The website and its institutional content are intended also for use by minors under 18 years of age.

13. Apps for the purchase of paperless tickets

The Application software is owned by third parties, therefore the information (art.13 of the GDPR) and the collection of consent (art. 7 of the GDPR) are managed entirely by third party operators and can be viewed within the company website in the section tickets and passes, B+.

14. Apps for the purchase of paperless parking  tickets

The Application software is owned by third parties, therefore the information (art. 13 of the GDPR) and the collection of consent (art. 7 of the GDPR) are managed entirely by third party operators and can be viewed within the company website in the section Atac parking.

Personal data transmitted (electronically) to ATAC, as external data processor, by third parties and regulated pursuant to art. 28 of the GDPR are the following:

personal data and tax code of users who purchase a monthly subscription (that necessarily has to be personalized) are collected from the information that the customer has communicated to the supplier registering on the App managed by the third party operator and transmitted to Atac S.p.A. electronically by the same operator.

15. Atac Vantaggi portal

The platform is owned by third parties, therefore the information (art. 13 of the GDPR) and the collection of consent (art. 7 of the GDPR) are managed entirely by the third party operator.

Personal data transmitted (electronically) by the third party to ATAC for the sole purpose of sending newsletters are the following:

name, surname, email address, only for users registered on the site who have given their consent to receive newsletters.

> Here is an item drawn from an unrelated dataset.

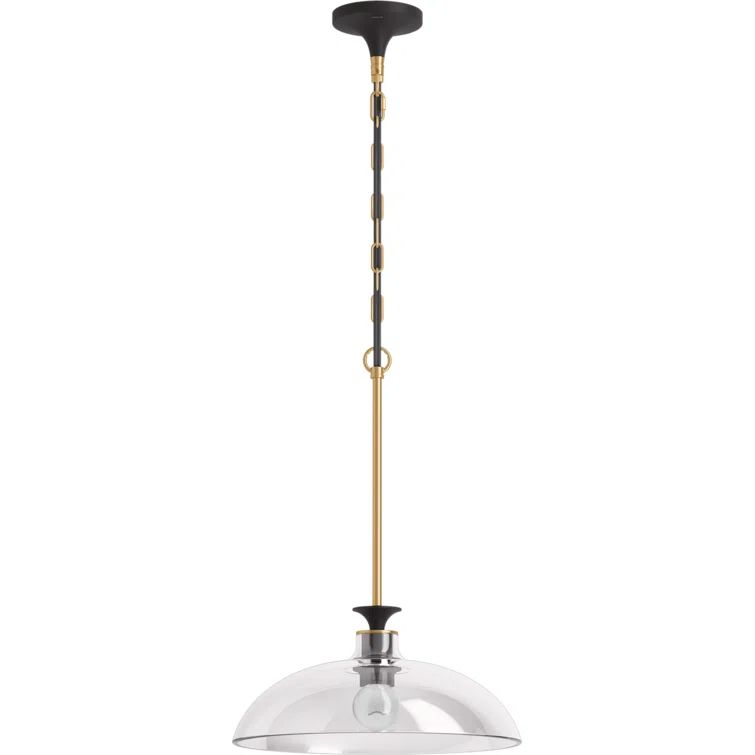 Black and Brass Glass Pendant Light with Adjustable Cord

16. Identity and contact details of the data Controller

The Controller of the processing of your personal data is ATAC S.p.A. in the person of its pro tempore legal representative, with registered office in Rome Via Prenestina n. 45 - 00176. To exercise the rights provided for by the law and better specified above, you can contact the Controller at the following certified email address: protocollo@cert2.atac.roma.it

17. Contact details of the Data Protection Officer

Hereinafter the contact details of the Data Protection Officer (DPO): Via Prenestina n. 45 - 00176 Rome, email: responsabileprotezionedati@atac.roma.it

18. Updates

Data will be kept for a period strictly necessary to pursue the purposes referred to in paragraph 1.

This Privacy notice might change over time - for example due to the introduction of new regulations for the sector, the updating or provision of new services as well as technological innovations - therefore we invite users/visitors to check this page periodically.